Das ist nicht Weltkultur. Das ist Heumarkt. Die Spreu das Erbe.

(Wenn gerade Kunstschaffende die Sorge um das Weltkulturerbe antreibt, kann geahnt werden, es hat auch etwas mit der Sorge um die eigene Unsterblichkeit als Künstlerin und als Künstler zu tun – notieren, das irgendwann näher ausführen, vielleicht, nein, genügt: die Unsterblichkeit ist tot.)

Die Kunst- und Kulturschaffenden führen weiter an, es werden am Heumarkt, so die Bezeichnung im Aufruf von Gerhard Ruiss, ein „Luxuswohnturm“ errichtet.

Ja, damit kann mobilisiert werden. Und es kann verstanden werden, gegen einen „Luxuswohnturm“ zu sein.
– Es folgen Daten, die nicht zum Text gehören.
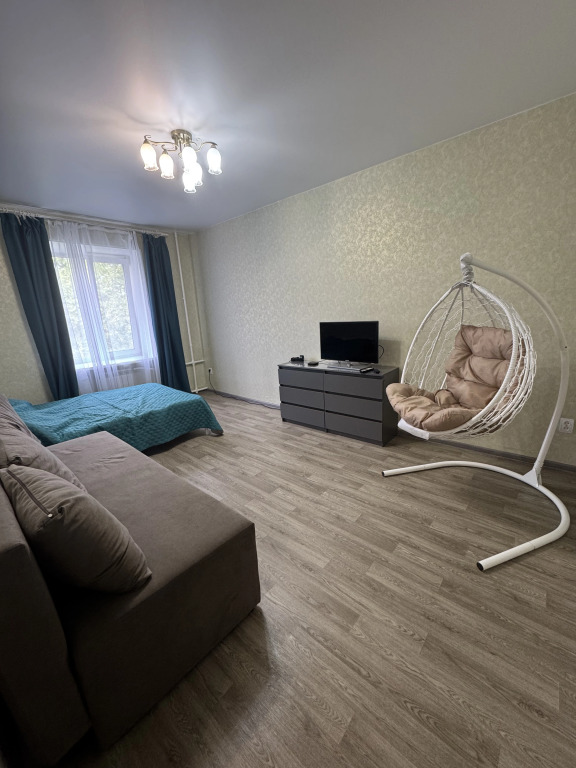 Фотография квартиры Квартира 2 Комнаты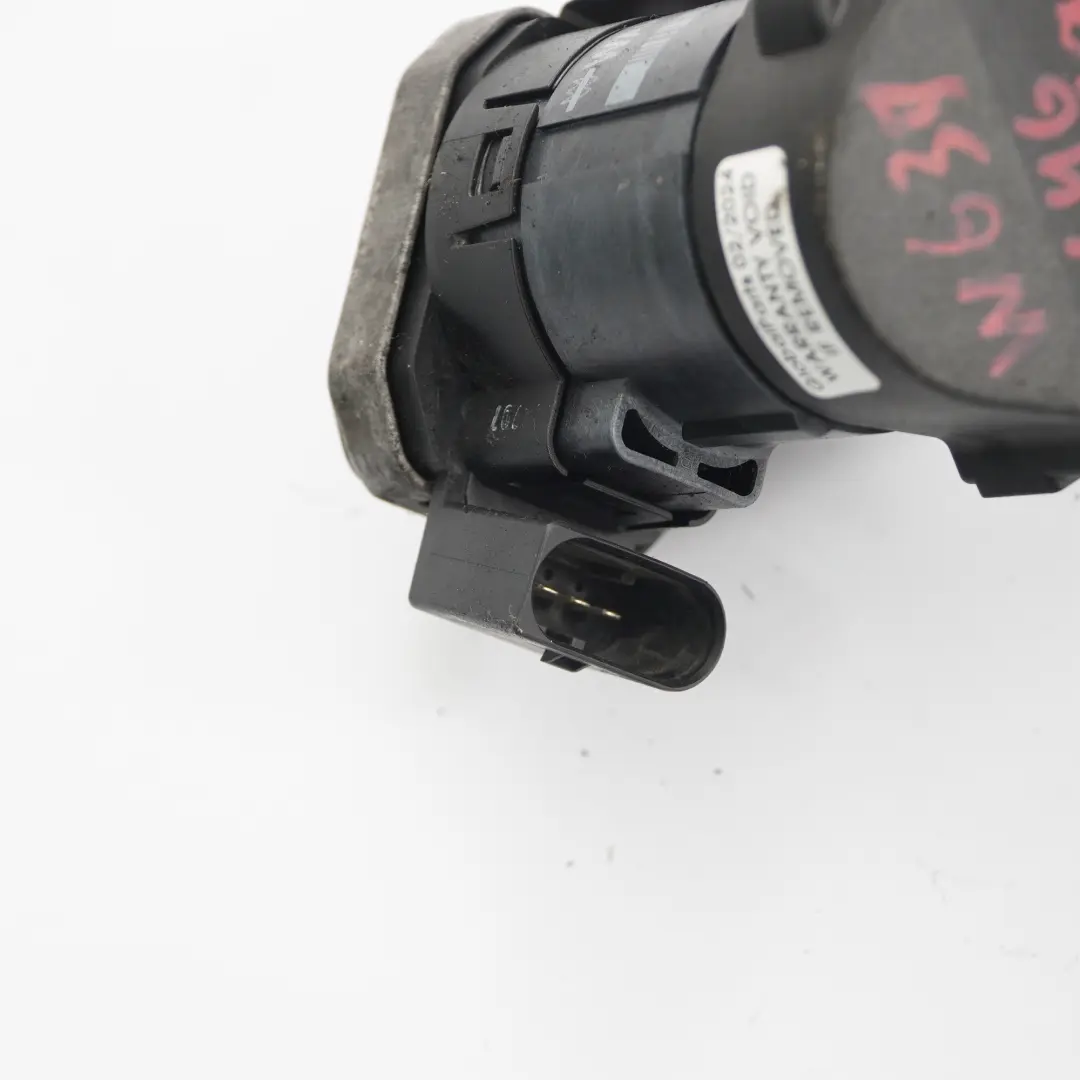 OM646 Exhaust Gas Recirculation EGR Valve to Mercedes W211 Vito W639 with Part number A6461401960 Mercedes W211 Vito W639 OM646 Exhaust Gas Recirculation EGR Valve - SKU A6461401960 - Part number A6461401960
Im Grunde haben die Kunst- und Kulturschaffenden nur Überschriften, die gefallen könnten, wäre das Inhaltliche dazu nicht so dünn, wie es sonst bloß von einer Partei monopolartig in diesem Land gekannt wird. Und es überrascht nicht, daß genau diese Partei auch recht dagegen ist.

heumarkt-und-heumarkt

Wenn der Aufruf von diesen Kunst- und Kulturschaffenden verglichen wird mit dem Prospekt „Heumarkt Neu“ muß gesagt werden, das Inhaltliche ist nicht nur dünn, sondern schlichtweg falsch. So heißt es im Aufruf etwa:

„Für wen wird hier gebaut? Für die Wienerinnen und Wiener jedenfalls nicht. Und auch nicht für Touristinnen und Touristen. Wien dient nur als Kulisse für Luxuslebensgefühle, die hier ausgelebt werden sollen, der Bau ist ein Angebot für den grenzenlosen Reichtum, der auf der Suche nach Luxuswohnraum durch die Weltinnenstädte zieht. Er greift nicht nur massiv in die unmittelbare Bau- und Platzumgebung der dort bestehenden Objekte und Flächen ein, er verändert auch das Erscheinungsbild der Wiener Innenstadt gravierend.“

Forderungen werden aufgestellt, im Aufruf:

„Der öffentliche Raum und die öffentlichen Einrichtungen am und um das Gelände des Wiener Eislaufvereins müssen frei zugänglich und für die Allgemeinheit nutzbar bleiben.“

Skepsis ist stets angebracht. Projektvorstellungen sind kritisch zu beurteilen. Es soll aber nicht gleich alles als Lüge abgetan werden. Die Verantwortlichen für diese Projektvorstellung am Heumarkt sind in die Pflicht zu nehmen und werden die Konsequenzen zu ziehen haben, sollte es nicht so kommen, wie von ihnen versprochen. Und nach dieser Beschreibung ist diese Forderung mehr als erfüllt, so daß gefragt werden muß, wie kann behauptet werden, es käme nicht den Wienern und Wienerinnen zugute, wie kann gefordert werden, der öffentliche Raum müsse frei zugänglich und für die Allgemeinheit nutzbar bleiben.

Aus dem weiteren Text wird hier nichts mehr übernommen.